CAIRO — President Bush on Wednesday ended a Middle East tour that political activists saw as lacking the strong calls for democratization made earlier in his administration, disappointing those once encouraged by the statements of American leaders. In Egypt and elsewhere, people are growing more concerned with food than with rights.
“Where is democracy now?” demanded Hibba Hanaty, a 42-year-old homemaker, at a political rally early this week in Cairo that drew only dozens of demonstrators. “Everything is so expensive.”
On Wednesday, after discussions with Egyptian President Hosni Mubarak at the Red Sea resort of Sharm el-Sheikh, Bush commended him for progress. “You have taken steps toward economic openness . . . and political reforms,” Bush said.
But Hisham Kassem, an Egyptian political activist who last year received a U.S. National Endowment for Democracy award, was dispirited by Bush’s tour.
“2005 was the best year in my life, politically. Our hopes were way up there,” Kassem said. “But, it was just another story.”

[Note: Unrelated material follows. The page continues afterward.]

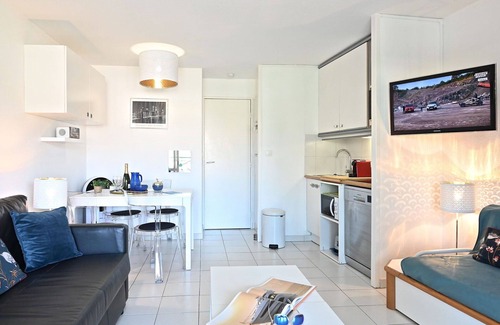 Cap Esterel Apartamento | Precioso apartamento con WIFI, piscina, A/C, TV, terraza, mascotas permitida y aparcamiento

As hopes for democratic change fade in the Middle East, demands for economic improvements have grown stronger. Inflation, caused in part by rising oil prices, is making life harder for the poor in much of the region.
Egyptian workers launched more than 300 strikes over the past year to demand higher wages or lower prices. Unlike the political protests now, the wage strikes have drawn thousands of people, sometimes tens of thousands.
In 2005, Bush and Secretary of State Condoleezza Rice helped create as much of a democratic fervor as the Middle East had ever seen, democracy activists said. Rice vowed support for “the democratic aspirations of all people.”
Arab governments and peoples took notice. Egypt, where Mubarak has held power for 2 1/2 decades, allowed other candidates to challenge him in the 2005 presidential election. Observers regarded the first rounds of parliamentary elections that year as fair.
But Islamic parties shocked many with strong showings in 2005 and 2006 elections in the Palestinian territories, Egypt and Lebanon.
Angered at U.S. policy toward Iraq and the Palestinians, Arab activists never gave Bush much credit for his democratization pressure, but they noticed when it slackened.
Middle East democracy activists these days say they wonder whether the United States has returned to the formula that Rice renounced in 2005: valuing stability of autocratic Arab governments over the uncertainty of elected ones.
On Wednesday in Sharm el-Sheikh, Bush made no public mention of Ayman Nour, the politician jailed by Egypt after he challenged Mubarak in the 2005 election.
Bush also made no public mention of human rights in Egypt, a country where complaints of police torture remain widespread.